Via the @AsteroidWatch Twitter feed, scientists from JPL said “It wouldn’t get through our atmosphere intact even if it dared to try.”

Amateur astronomers in the right place and time could view this object, as it should be about magnitude 14 at the time of closest approach. Click here to see a current orbit diagram, and here to view the ephemeris data. Nick Howes, with the Faulkes Telescope Project said his team is hoping to observe and image the asteroid, — although they aren’t sure if they will be able — but we hope to share their images later.

Update: see images from astronomers on our latest article regarding 2012 BX34

Hat Tip: Nick Howes

10 Replies to “8-Meter-Wide Asteroid Will Pass Close to Earth January 27”

    1. I think you have made a mistake in your unit conversion. The asteroid is travelling at 8,900 m/s, which is more than 300 times faster than your figure.

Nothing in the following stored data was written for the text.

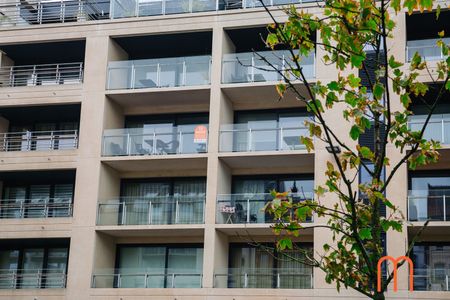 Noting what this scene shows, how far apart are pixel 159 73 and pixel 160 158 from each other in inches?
126

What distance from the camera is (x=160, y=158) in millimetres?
29234

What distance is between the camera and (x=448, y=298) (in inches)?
987

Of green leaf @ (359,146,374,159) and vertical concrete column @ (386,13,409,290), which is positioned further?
vertical concrete column @ (386,13,409,290)

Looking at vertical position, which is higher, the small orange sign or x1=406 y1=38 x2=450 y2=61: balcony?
x1=406 y1=38 x2=450 y2=61: balcony

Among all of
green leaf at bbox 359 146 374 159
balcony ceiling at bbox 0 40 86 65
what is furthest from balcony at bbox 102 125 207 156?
green leaf at bbox 359 146 374 159

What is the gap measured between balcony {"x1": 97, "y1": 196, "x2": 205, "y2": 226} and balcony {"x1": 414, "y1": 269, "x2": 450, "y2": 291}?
7557 mm

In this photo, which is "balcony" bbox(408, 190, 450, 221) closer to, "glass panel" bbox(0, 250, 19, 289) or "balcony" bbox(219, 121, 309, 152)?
"balcony" bbox(219, 121, 309, 152)

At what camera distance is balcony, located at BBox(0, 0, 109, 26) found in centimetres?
3244

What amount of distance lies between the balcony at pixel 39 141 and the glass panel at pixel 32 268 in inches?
159

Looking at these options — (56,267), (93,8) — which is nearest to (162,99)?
(93,8)

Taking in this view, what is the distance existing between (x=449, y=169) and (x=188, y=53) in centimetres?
1096

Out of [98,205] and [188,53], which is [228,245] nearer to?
[98,205]

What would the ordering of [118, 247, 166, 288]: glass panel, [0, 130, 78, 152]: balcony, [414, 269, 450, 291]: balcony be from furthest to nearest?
[0, 130, 78, 152]: balcony
[118, 247, 166, 288]: glass panel
[414, 269, 450, 291]: balcony

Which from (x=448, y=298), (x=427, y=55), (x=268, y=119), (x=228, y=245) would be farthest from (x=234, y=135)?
(x=448, y=298) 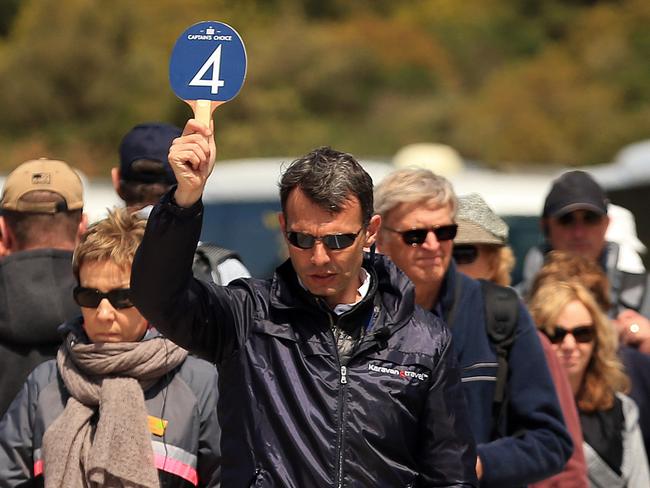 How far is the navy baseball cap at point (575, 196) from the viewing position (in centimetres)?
661

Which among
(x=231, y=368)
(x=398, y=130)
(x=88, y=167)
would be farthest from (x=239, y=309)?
(x=398, y=130)

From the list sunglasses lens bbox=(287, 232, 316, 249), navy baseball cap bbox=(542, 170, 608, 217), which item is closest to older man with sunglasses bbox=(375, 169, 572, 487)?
sunglasses lens bbox=(287, 232, 316, 249)

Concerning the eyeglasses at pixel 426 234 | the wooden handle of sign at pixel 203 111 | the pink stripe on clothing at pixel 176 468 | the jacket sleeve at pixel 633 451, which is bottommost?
the jacket sleeve at pixel 633 451

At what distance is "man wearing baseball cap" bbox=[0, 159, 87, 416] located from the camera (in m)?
4.62

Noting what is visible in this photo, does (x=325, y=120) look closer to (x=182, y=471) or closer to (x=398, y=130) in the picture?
(x=398, y=130)

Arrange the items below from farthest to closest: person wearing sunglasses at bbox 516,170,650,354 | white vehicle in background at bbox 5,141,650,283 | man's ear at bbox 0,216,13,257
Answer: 1. white vehicle in background at bbox 5,141,650,283
2. person wearing sunglasses at bbox 516,170,650,354
3. man's ear at bbox 0,216,13,257

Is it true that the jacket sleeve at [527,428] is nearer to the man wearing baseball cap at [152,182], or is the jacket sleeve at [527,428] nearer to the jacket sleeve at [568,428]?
the jacket sleeve at [568,428]

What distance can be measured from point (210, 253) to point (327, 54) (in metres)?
24.9

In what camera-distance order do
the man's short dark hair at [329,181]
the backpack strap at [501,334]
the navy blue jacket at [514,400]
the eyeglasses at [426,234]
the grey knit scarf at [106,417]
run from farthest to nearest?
the eyeglasses at [426,234] < the backpack strap at [501,334] < the navy blue jacket at [514,400] < the grey knit scarf at [106,417] < the man's short dark hair at [329,181]

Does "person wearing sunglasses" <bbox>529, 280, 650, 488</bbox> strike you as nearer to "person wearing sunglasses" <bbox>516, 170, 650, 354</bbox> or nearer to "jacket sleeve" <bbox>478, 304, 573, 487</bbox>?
"person wearing sunglasses" <bbox>516, 170, 650, 354</bbox>

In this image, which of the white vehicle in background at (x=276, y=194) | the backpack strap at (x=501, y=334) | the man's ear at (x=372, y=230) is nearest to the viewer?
the man's ear at (x=372, y=230)

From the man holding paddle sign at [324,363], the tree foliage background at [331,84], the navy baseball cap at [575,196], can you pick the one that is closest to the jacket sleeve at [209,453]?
the man holding paddle sign at [324,363]

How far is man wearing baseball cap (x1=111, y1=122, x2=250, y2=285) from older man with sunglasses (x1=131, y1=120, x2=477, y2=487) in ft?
4.85

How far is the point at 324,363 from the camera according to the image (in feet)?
11.3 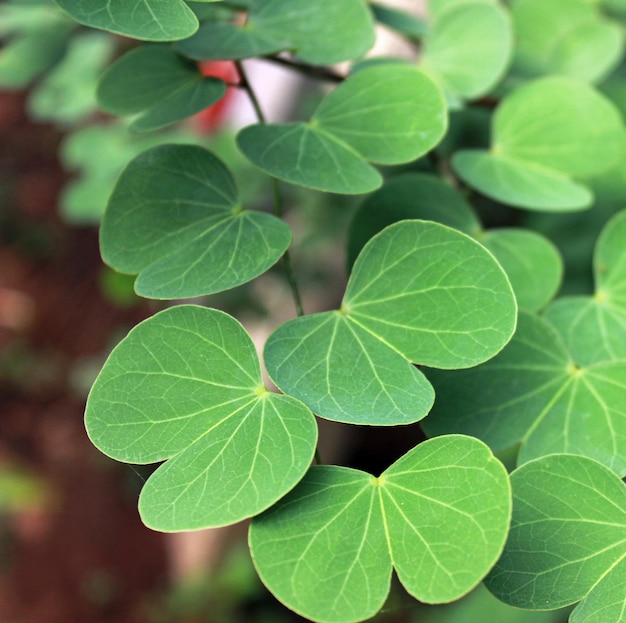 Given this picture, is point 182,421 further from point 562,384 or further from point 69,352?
point 69,352

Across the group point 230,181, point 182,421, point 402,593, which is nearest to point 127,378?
point 182,421

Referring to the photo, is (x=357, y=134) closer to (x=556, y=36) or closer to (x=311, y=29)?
(x=311, y=29)

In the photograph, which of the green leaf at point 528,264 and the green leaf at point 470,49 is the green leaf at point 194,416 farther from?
the green leaf at point 470,49

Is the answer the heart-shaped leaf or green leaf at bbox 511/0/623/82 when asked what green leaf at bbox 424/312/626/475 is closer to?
the heart-shaped leaf

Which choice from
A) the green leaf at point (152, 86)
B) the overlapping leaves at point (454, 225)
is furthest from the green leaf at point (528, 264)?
the green leaf at point (152, 86)

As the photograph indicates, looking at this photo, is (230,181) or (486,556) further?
(230,181)

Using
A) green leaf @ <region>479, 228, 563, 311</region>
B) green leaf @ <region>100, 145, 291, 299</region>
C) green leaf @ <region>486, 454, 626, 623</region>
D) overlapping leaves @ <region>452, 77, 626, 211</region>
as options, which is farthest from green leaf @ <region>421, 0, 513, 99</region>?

      1. I wrote the speed exactly as it was written in the original story here. I didn’t covert anything. Someone has correct what was originally posted.

  1. We are doomed dooooooommmed!!!!

    YU55 was actually very hard to take an image of last time. My coordinates always missed the object.

  2. Can someone post a link to see the trajectory so we can see if it will be passing over at night. Should be clear in the southeast USA tomorrow night. Would be cool to show my kids.

  3. when NASA updated the size info did they also up date the AU? The ACTUAL is 5.0E-4AU … sounds good right!

    1. I find it a bit odd that they listed the AU conversion in the first place. The object will come within the orbit of the moon, so why would the Sun-Earth distance be relevant or helpful?

      1. I imagine to get a better picture of its actual distance from earth? that number was pulled from jpl small body. NASA put it there so why they calculate the way they do is totally within their reasoning. Am i missing the point here?

      2. I think is see what your saying now. The Moons distance is also commonly used in AUs 0.00257 A.U. (3.84400 x 10^5 km)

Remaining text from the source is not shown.